If he plays it right, its a tough match.


----------



## The_Werewolf_Arngeirr (Apr 3, 2012)

yeah our heavies are ravagers (AV11 11 10) or our MC talos's


----------



## Jdojo18 (May 8, 2012)

So ravagers take up a heavy slot?


----------



## The_Werewolf_Arngeirr (Apr 3, 2012)

Ravagers, Talos, Chronos are our heavies, more or less. we have the razorwing jet fighter and the bomber too, but the bomber is missing a model (a real one) for its design, and the razorwing is meh.


----------



## Archon Dan (Feb 6, 2012)

Autocannons will suffice for taking out DE vehicles. The only exception is Vect's Dias of Destruction but I don't see that being fielded in an 1850 list.
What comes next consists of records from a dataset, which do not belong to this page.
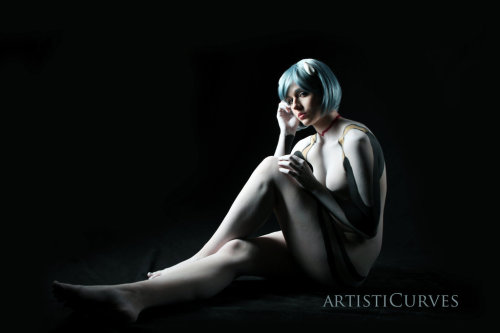 cosplaygirl:  First Child 1 by *Elle-Cosplay on deviantART 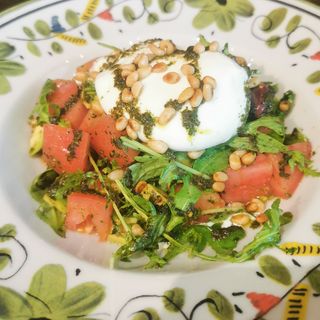 Бурата с авокадо,чери  домати и рукола 280г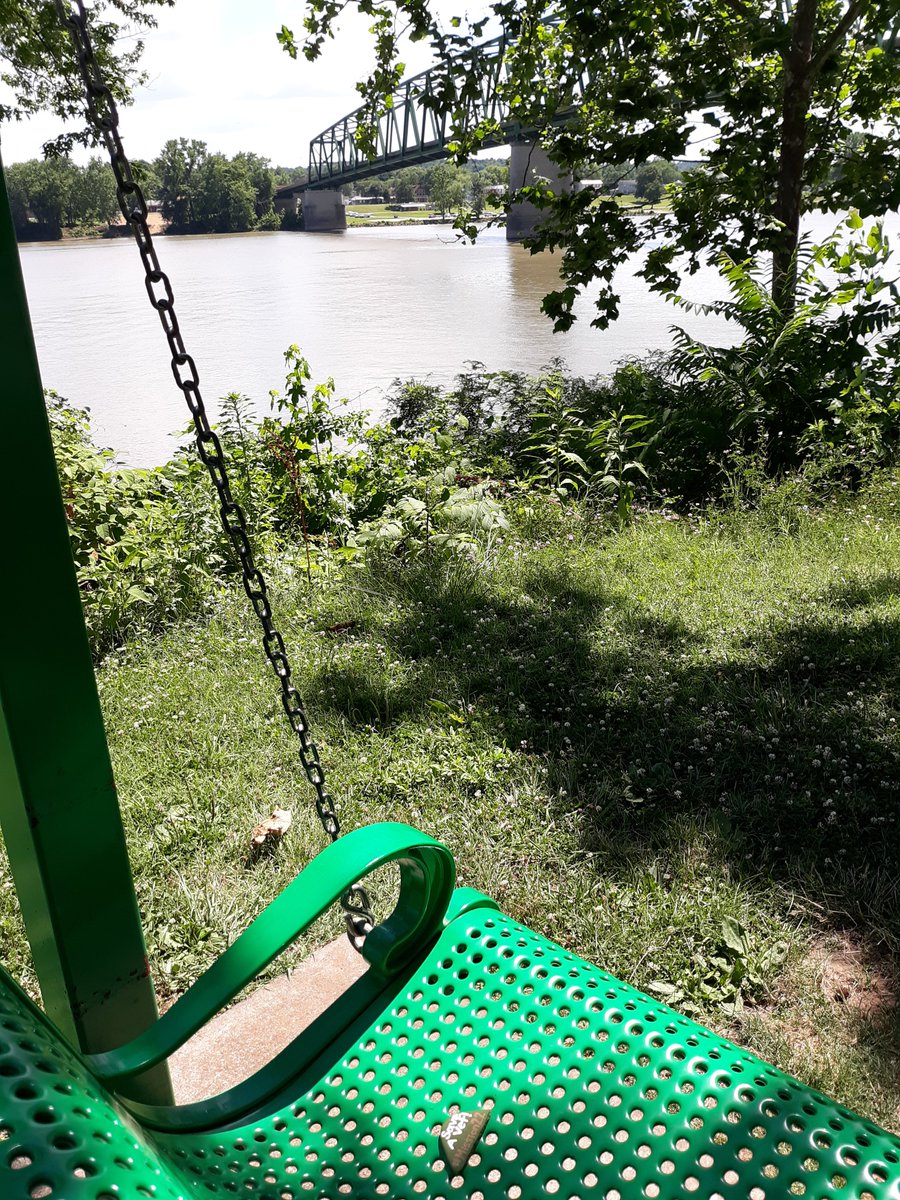rckingrocks's tweet photo. Save A Vet! #Mission22 rock hidden along the Ohio River in Marietta, OH on Wednesday, 7/1/20. This is a very important cause everyone should learn about. #SaveAVet #rcking #beKind https://t.co/pAPOuecPFY
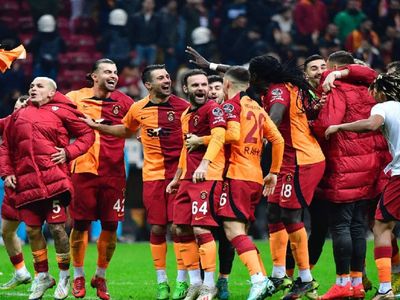 Galatasaray ilk veda gerçekleşti: Oyuncu Süper Lig’de kalıyor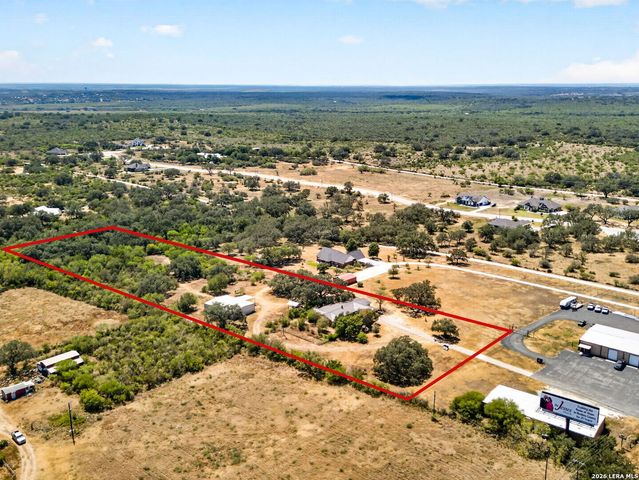 2124 US HIGHWAY 90 W, Castroville, TX 78009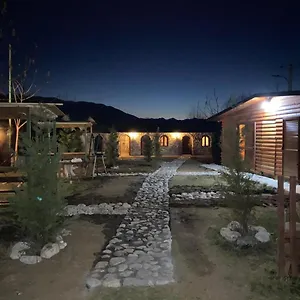 Windmill Gesthouse & Grill Szkodra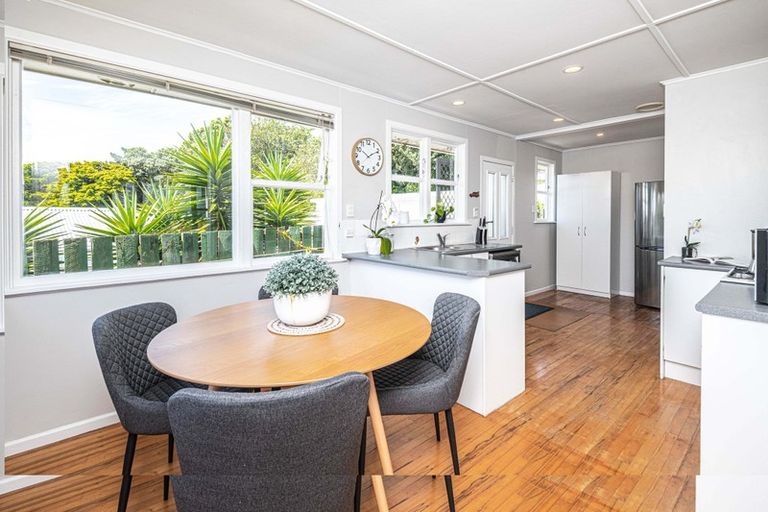 Photo of property in 58 Catherine Crescent, Paparangi, Wellington, 6037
Manticores would be a waste as DE don't have large squads to pie plate and if you explode the open-topped transports, you usually take several of the passengers out too. The big concern should actually be the Talos. It's an MC with T 7 and 3+ armour. But it is not Fleet like most of the army.


----------



## Jdojo18 (May 8, 2012)

Oh thanks. I just found out I've been facing a team of DE and Orks and they've been fielding 3 Ravagers and 2 BWs (for boyz). So essentially we've been playing 3 heavies vs their 5. This new information is a bit troubling.


----------



## Antonius (Jan 10, 2012)

Stuff that works against DE: Spammed S6+ weapons with high rate of fire if possible. They down AV11 well, and also rob the DE of their FNP save most of the time. I can see the argument for manticores, but i would almost be tempted to put an exterminator / hydra battery in that last slot. Weapons of choice: Autocannons (Hydras are perhaps best, but regular ones do well too), Multilasers, Plasmaguns, Grenade Launchers, Meltas, Multimeltas and even Heavy Bolters when spammed are effective against DE.

Oh and like SM lasplas razorbacks, the basic DE transport (raiders) can do Anti-tank - so watch out for them too. AV12 saturation makes lances less effective - they're designed for anti-AV14/13, so they're only relying on the S8, plus saturation has its own merits.

So, stay the hell away from CC, and hit the ravagers early (or the blaster venoms dependent on target priority) and use superior ranged power to break them out of their paper planes and make them trudge into flamer range.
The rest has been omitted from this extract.